╔══

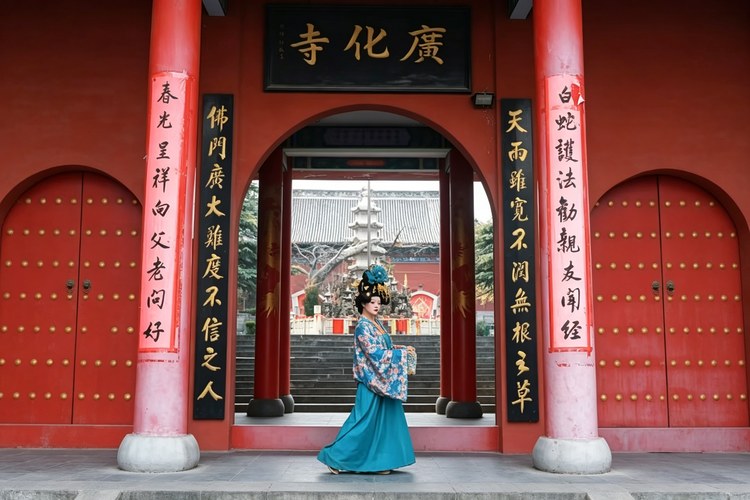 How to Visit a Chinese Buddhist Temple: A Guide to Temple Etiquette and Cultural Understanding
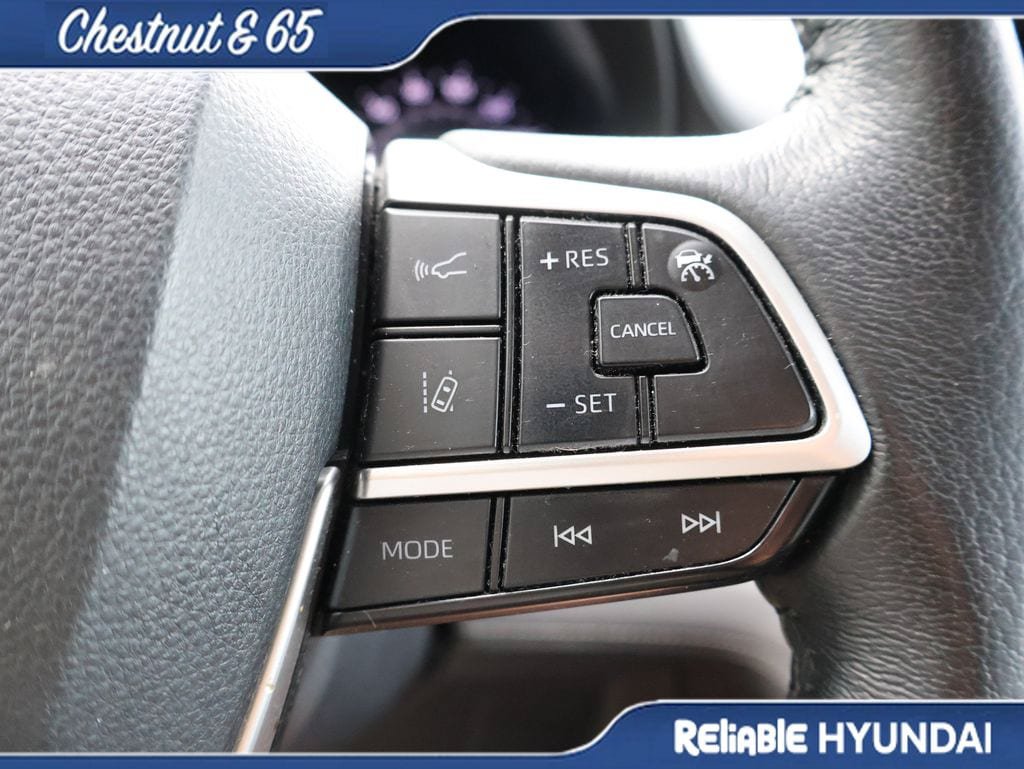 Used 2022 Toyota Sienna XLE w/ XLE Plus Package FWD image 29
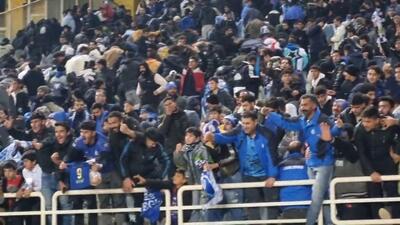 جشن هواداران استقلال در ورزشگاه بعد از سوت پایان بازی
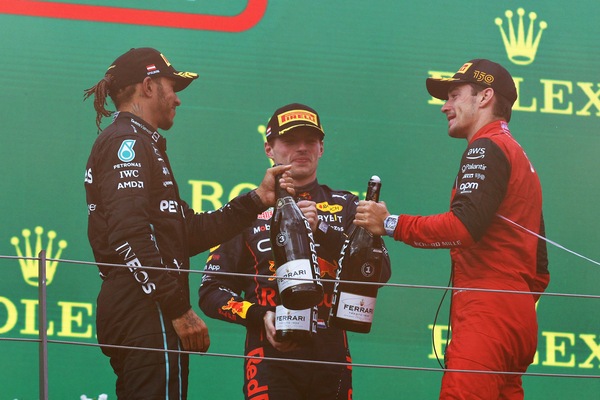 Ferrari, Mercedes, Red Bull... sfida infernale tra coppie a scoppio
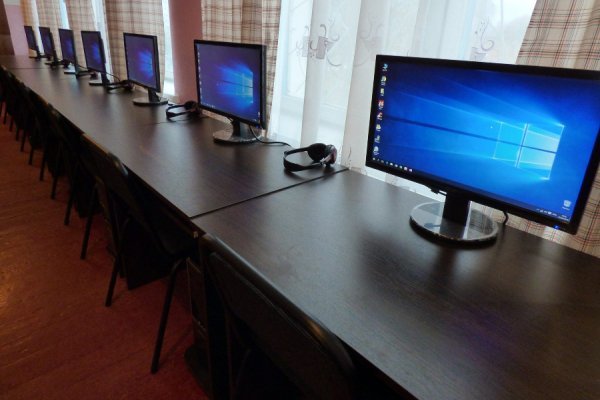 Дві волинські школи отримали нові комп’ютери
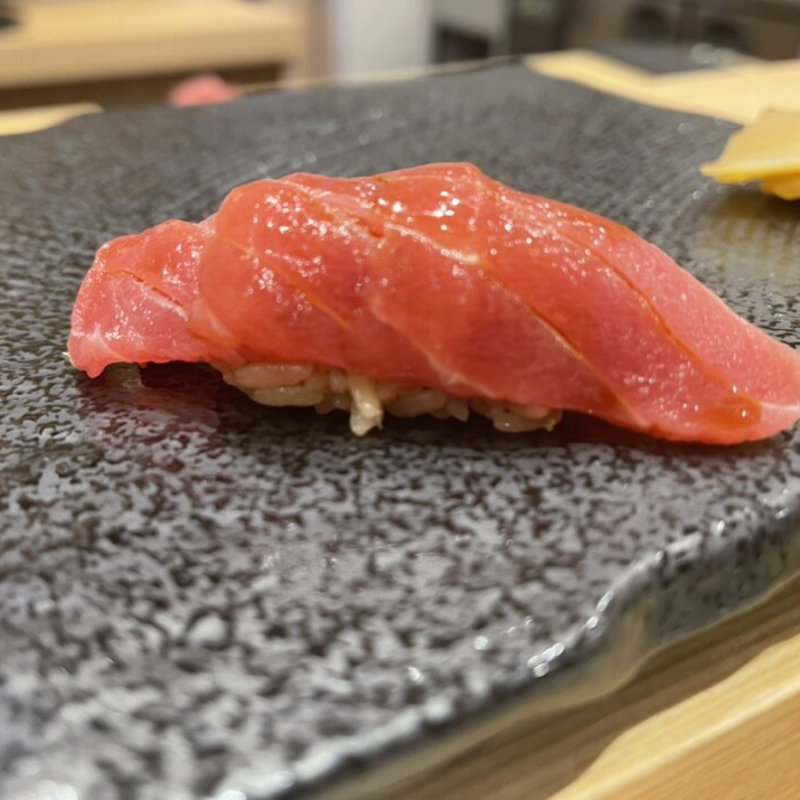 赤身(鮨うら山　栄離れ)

╚══

Description of the task –
Set the records down again precisely, skipping every image.

The completed task –
 How to Visit a Chinese Buddhist Temple: A Guide to Temple Etiquette and Cultural Understanding
 Used 2022 Toyota Sienna XLE w/ XLE Plus Package FWD image 29
 جشن هواداران استقلال در ورزشگاه بعد از سوت پایان بازی
 Ferrari, Mercedes, Red Bull... sfida infernale tra coppie a scoppio
 Дві волинські школи отримали нові комп’ютери
 赤身(鮨うら山　栄離れ)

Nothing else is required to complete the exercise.